Returning more to your use scenario, an alternative that gave you more control on how much to read would be to take the time you last read HN and use that to filter the list at http://news.ycombinator.com/best
I wrote it so that it saves front page because that is how I personally read HN. On the days that I am not able to check HN (like it happened to me last weekend), I don't know what made it to the front page. You are correct that this is certainly not the best way to do it. As bootload mentioned, the 'best' page is limited to 180 links and if the points gained a new post is less than that of the 180th post in 'best', then it won't make it to that list.
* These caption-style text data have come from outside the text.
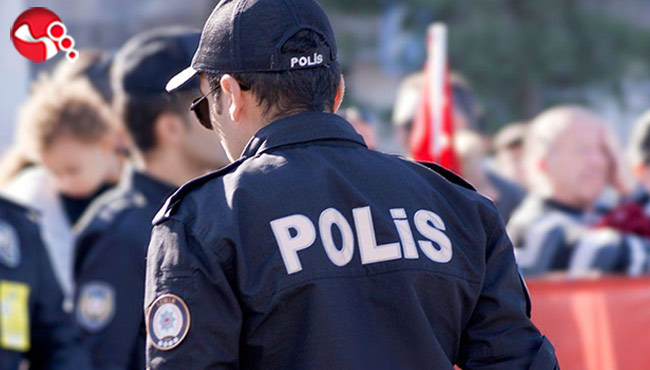 İntihar Girişimi!..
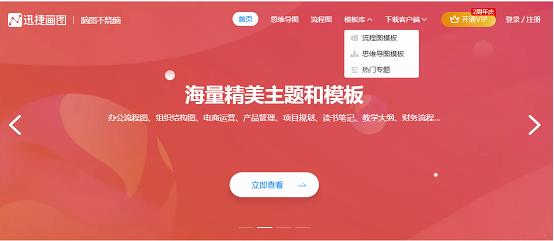 工作流程图制图软件,科研流程图画图软件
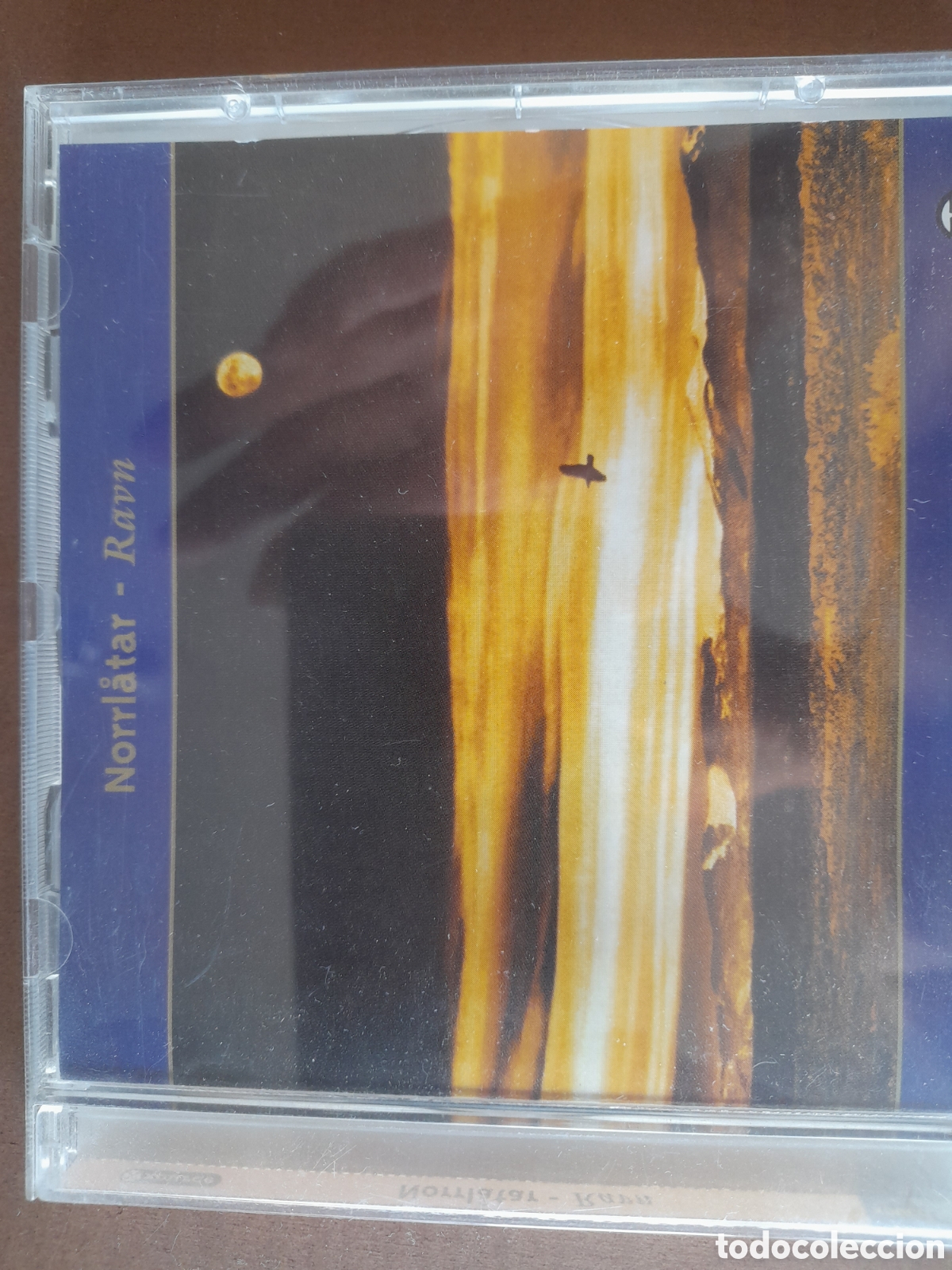 CDs de m&uacute;sica: Norrlatar................... - Foto 1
May be we should collect links from front and front+1 page that are more than a day old and sort them in descending order of points? Your thoughts welcome.
Indeed, I wasn't considering such implementation issues as the link limit of 180. Collecting links from some of the /news pages should be a good approximation. For longer times away, the collected links could be stored periodically and upon return sorted by points, descending.
I'm note sure /best would be that useful. For all intensive purposes it's static and changes only when a post beats the points on the list. Do you mean compare against http://news.ycombinator.com/news which has the current highest posts?
"... Front page isn't the ultimate snapshot. If you wanted that, wouldn't you rather take the 20 submissions from the last 24 hours that got the most up-votes? If I understand correctly what you're doing, you get some 1 and 2-point submissions that just happen to be on the front page at the time. ..."
One further point. An boundary case you might run up against is user 'deleted', which occurs when editors delete a submission. It only occurs only occasionally and you do not see it on HN pages.
Yeah, I only meant /best in the abstract, not considering the implementation limit of 180 links. In practice you could collect this information over time yourself.
The difference to what /news does would be that submissions with little points would not show in the results even briefly, and submissions with a lot of points wouldn't fall off even if you're away for a long time.